Written by: Featured Movies

Yellowstone – A Former Cowboy’s Take on the Series

Transcript from the December 2021 Podcast by Craig Rainey

This might elicit a whole lot of response. The reason for it is, I’m going to give you an opinion on one of the more popular series that is on right now, Yellowstone, it’s just taking the country by storm. It’s funny. I was looking at Rotten Tomatoes and the 1st season, which came out in 2018, they give it 50 3%. Season 2 was 88%, and  season 3. They gave it 100%. This last season, season 4, that just ended, 86%. And I am not afraid to tell you that I have seen every episode except for the last two of this last season, and like to render an opinion on it.

 Now this is from a former working cowboy’s point of view, and also from the point of view of a filmmaker, and finally the point of view from an author, somebody that actually has to put stories together. 

So anyway, it’s going to be kind of a short one, but I just wanted to weigh in on it.
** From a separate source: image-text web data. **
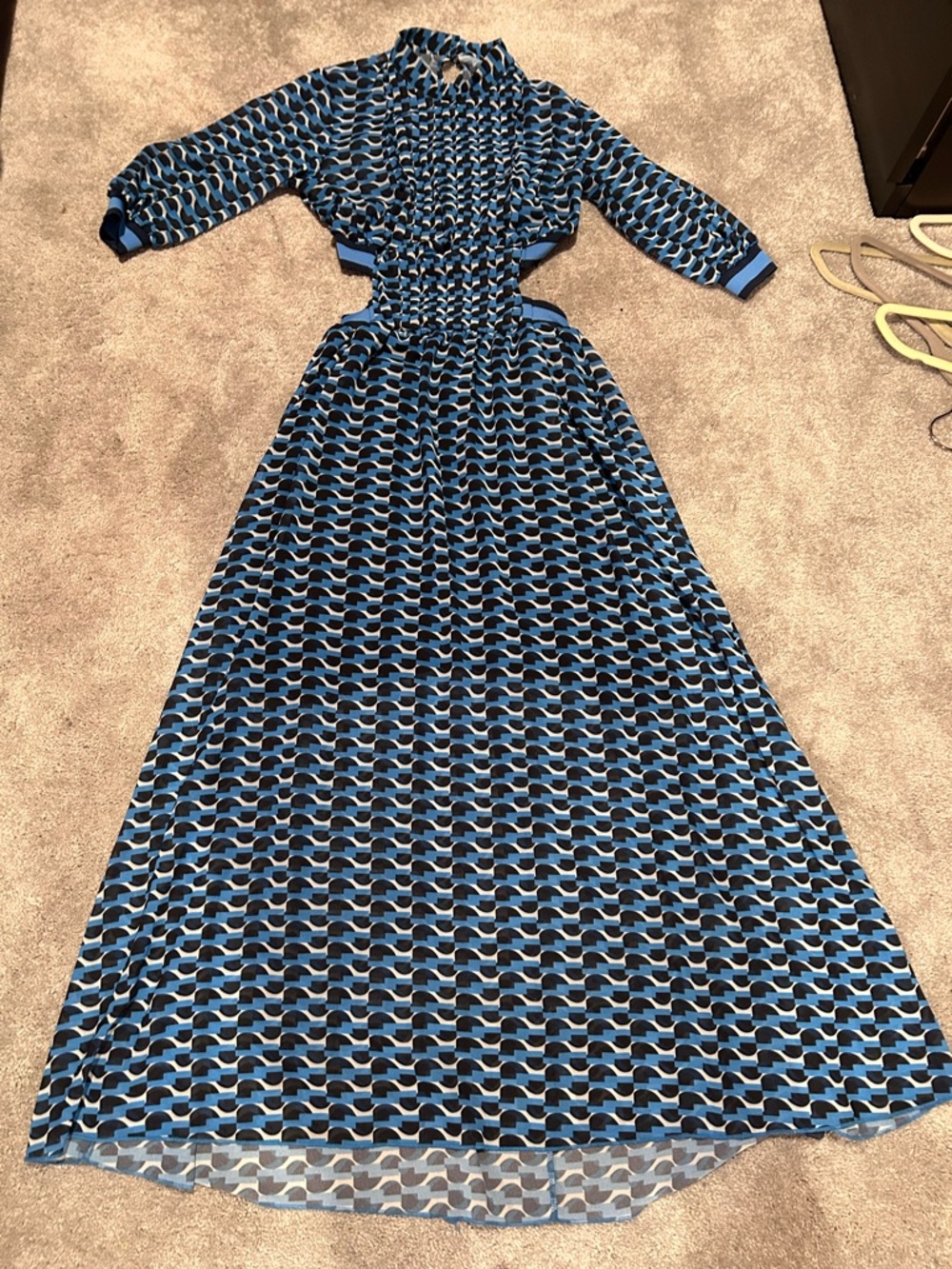 Blue Geometric Long Sleeve Maxi Dress - Modern Day-to-Evening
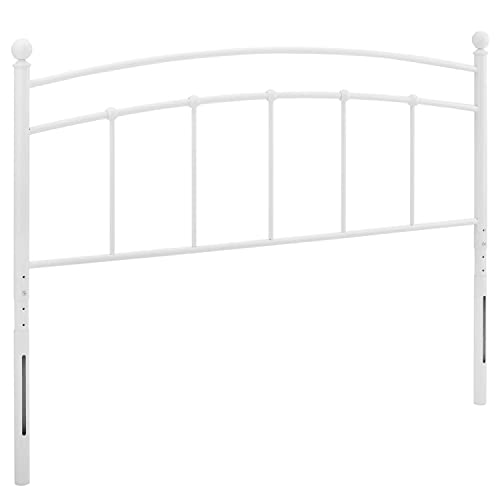 Modway Abigail Modern Farmhouse Metal Queen Headboard in White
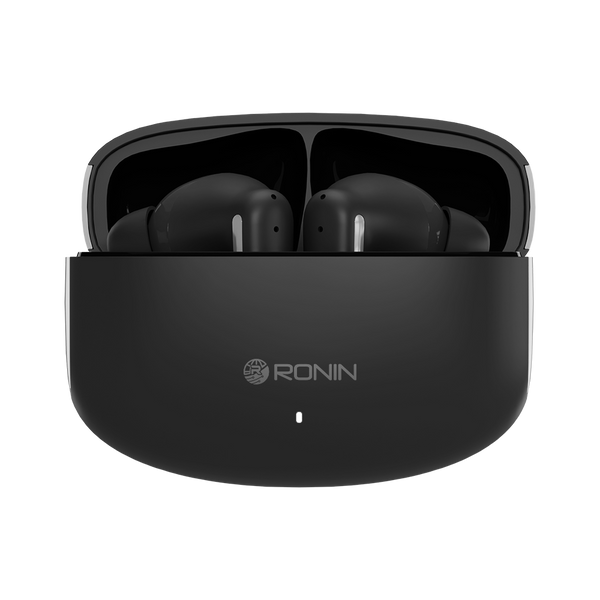 Black RONiN R-140 Earbuds with active noise cancellation and touch controls for seamless listening.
And let me tell you what peaked my interest in it. Right before the end of the year, my wife and I went to Scottsdale, Arizona. We stayed with some friends over there and they had rented a really nice house over near the Boulders golf course. If you’ve been out there you know it’s just a beautiful part of the desert. We had a great time – didn’t hit the ball very well playing golf, but that really wasn’t the high point. The high point was, going into town. They’ve got this huge cowboy push that’s going on right now.
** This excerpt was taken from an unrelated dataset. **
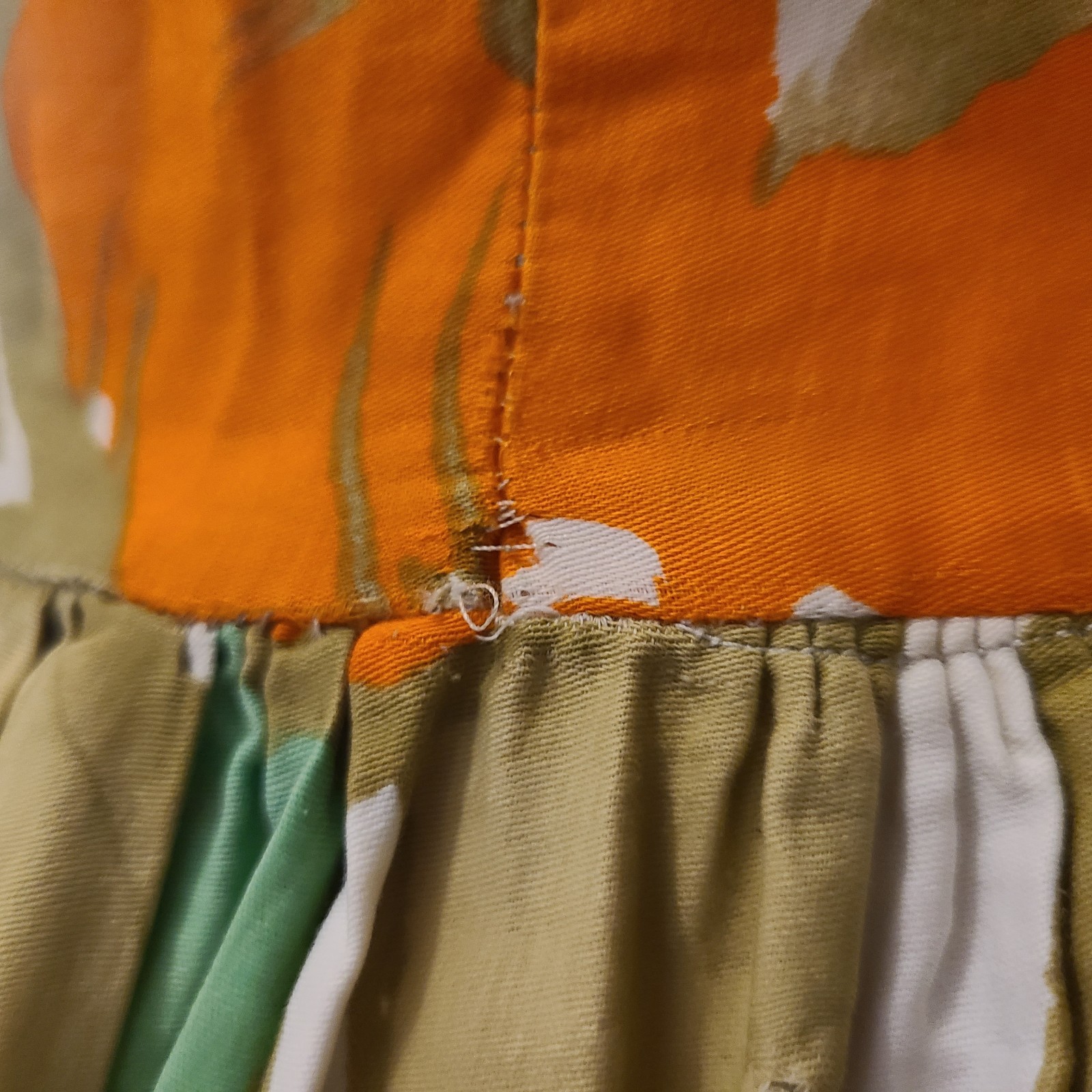 Vtg 60’s Loungecraft Original Floral Cocktail Dress XS Yellow Orange Tan Mad Men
I know Arizona, they do have Cowboys, but I didn’t expect in the midst of a tourist area that it would be so cowboyed up. But, anyway, we went over, grabbed a bite to eat and, the steak was good as was everything else. The place was packed and just really saw a lot of people there. Later that night, our host, a good friend of ours, she said, “Hey, let’s go over to this, this country bar, they’ve got a rodeo arena in the back and let’s go take a look. “

 Well, I thought that would be great because some of you who know me and some of you have read my bio, know that  when I was younger, I cowboyed professionally, worked on a ranch. We used to break horses. I could throw a decent rope to the point that I could rope a pig, which is, something. Who needsto, but it’s kind of a test. But at one time I, worked with some of our brothers from south of the border and these Vaqueros, they challenged me when I was younger to ride bulls. So I started riding bulls too. I was never a PRCA rodeo guy, but I did spend a lot of time on working ranches, running cattle.
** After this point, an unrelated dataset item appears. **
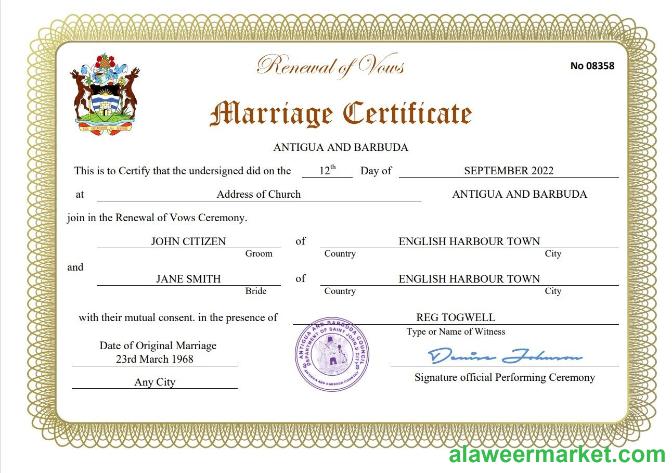 Antigua and Barbuda marriage certificate Word and PDF template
We went on a Friday night. I was there for golf so of course I was there wearing a golf shirt, shorts and loafers. I looked the farthest thing from a cowboy you could imagine. When I got there, it was like I just went to the stockyards in Fort Worth. Everybody there, cowboy hats and boots and denim,  big buckles and that kind of thing. I thought, “Wow, this is unexpected.”

I’m from San Angelo, Texas –  west, Texas. Even in Texas, when you say you are  from west Texas, you get respect. I guess I’ve been kind of giving you my informal resume, because with what I’m about to tell you, it might give a little more credibility to my opinion. I’ve got two pairs of cowboy boots. 
By the way, here’s a question, what do we call cowboy boots in Texas? Boots!

Ha Ha. I’ve got two pair, one pair of Lucchese’s, and then I’ve got another pair of Tony Lama’s, they’ve got spur burns on them.

Hats and Boots – I Saw a Lot There

 I’ve done a lot of riding. I’ve got four different hats – 2 straw and 2 felt. One of them is sweat stained from working out in the weather with it. But, anyway, I didn’t take any of this stuff with me. So we went over to this place and I think we paid $10 a head to walk in -I say in,  it was outdoors. It looked like we’d gone to Gilley’s. My wife and I grabbed a beer and we were going to go in and watch what I was assuming to be a mini rodeo. 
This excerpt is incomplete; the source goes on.